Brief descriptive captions
#####

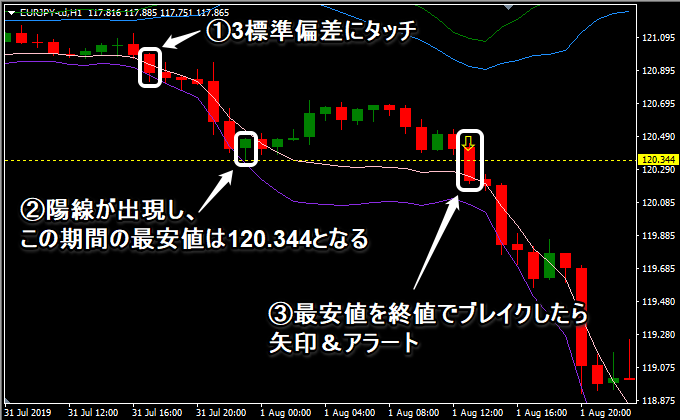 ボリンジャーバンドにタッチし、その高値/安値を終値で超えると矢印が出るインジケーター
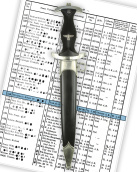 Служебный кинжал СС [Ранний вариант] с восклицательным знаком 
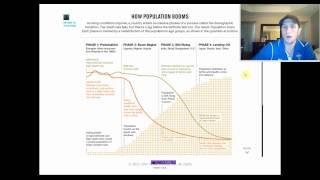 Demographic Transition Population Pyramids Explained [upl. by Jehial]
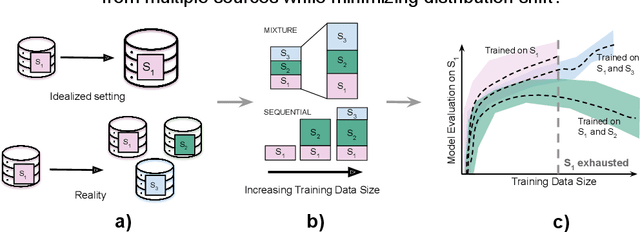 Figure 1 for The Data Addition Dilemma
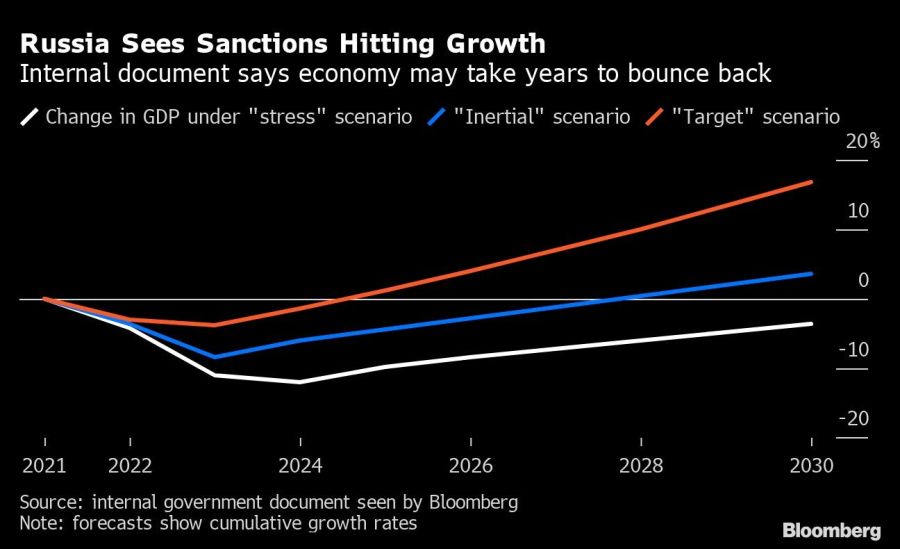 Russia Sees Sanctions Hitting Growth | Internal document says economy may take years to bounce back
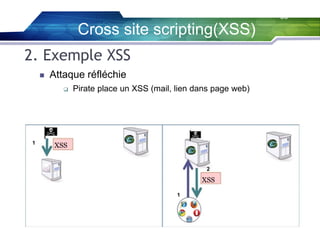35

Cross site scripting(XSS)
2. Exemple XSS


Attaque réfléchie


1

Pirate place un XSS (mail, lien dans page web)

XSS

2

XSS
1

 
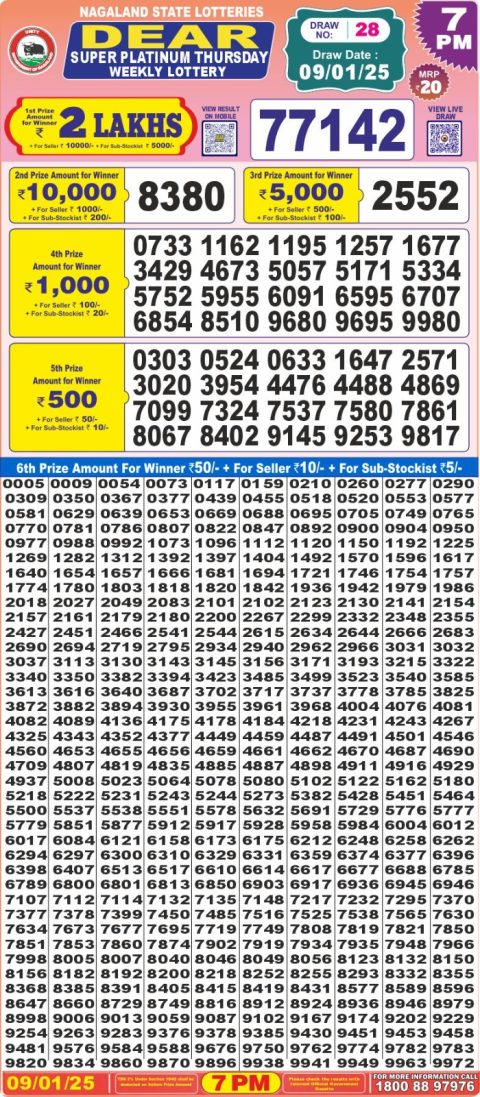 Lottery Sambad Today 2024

#####

Write out the line that contains "Pirate place un" and every line after it to the end of the data, exactly as they stand. Omit the pictures.

Pirate place un XSS (mail, lien dans page web)

XSS

2

XSS
1

 
 Lottery Sambad Today 2024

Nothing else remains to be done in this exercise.